In Minneapolis' Municipal Auditorium appeared freckle-faced, earnest Actress Eva Le Gallienne to auction off four cakes at a Roosevelt birthday ball. Briskly she banged a gavel, exhorted 4,000 shuffling, indifferent dancers through a microphone: "These cakes represent something! They represent the struggle of a man to overcome a tremendous physical handicap. ... I wasn't born in America, but I'll buy that cake myself for $15.'' The crowd booed and heckled when she called for bids, forcing her to knock down the cake for $20. Even hotter than she was two months ago while dressing down a ladies' lecture club in Philadelphia (TIME, Dec. 11), Actress Le Gallienne threw down the gavel, stormed into the micro phone: "I came to Minneapolis proud of my Viking ancestry. I'm still proud of it. You can't be Vikings. . . . You are lousy Americans! Unpatriotic dullards!" The crowd howled and jeered as angry Actress Le Gallienne swept from the platform.

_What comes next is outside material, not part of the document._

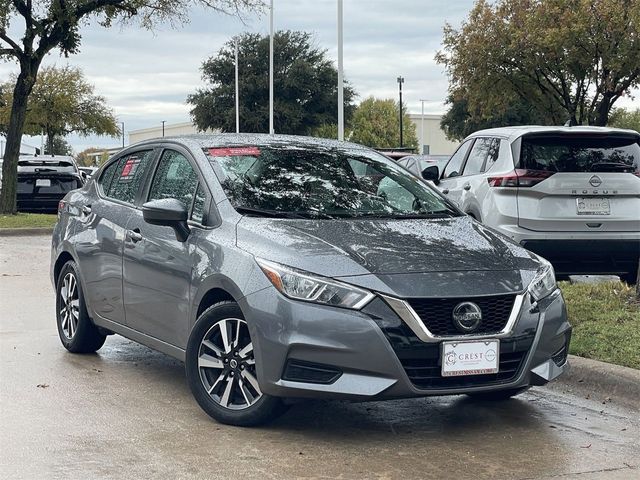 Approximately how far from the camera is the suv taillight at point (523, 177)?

Rumors that he was planning to campaign for election as a U. S. Representative from Connecticut, said James Joseph ("Gene") Tunney in Manhattan, "are a figment of fiction, for I really have no political aspiration. The only cause I'm taking up is woman suffrage. I mean woman suffrage in a broader scope than is allowed by law. I mean whether they should be allowed to sip cocktails at the bar in the Marguery, at Pierre's, at the Park Lane and the Waldorf-Astoria."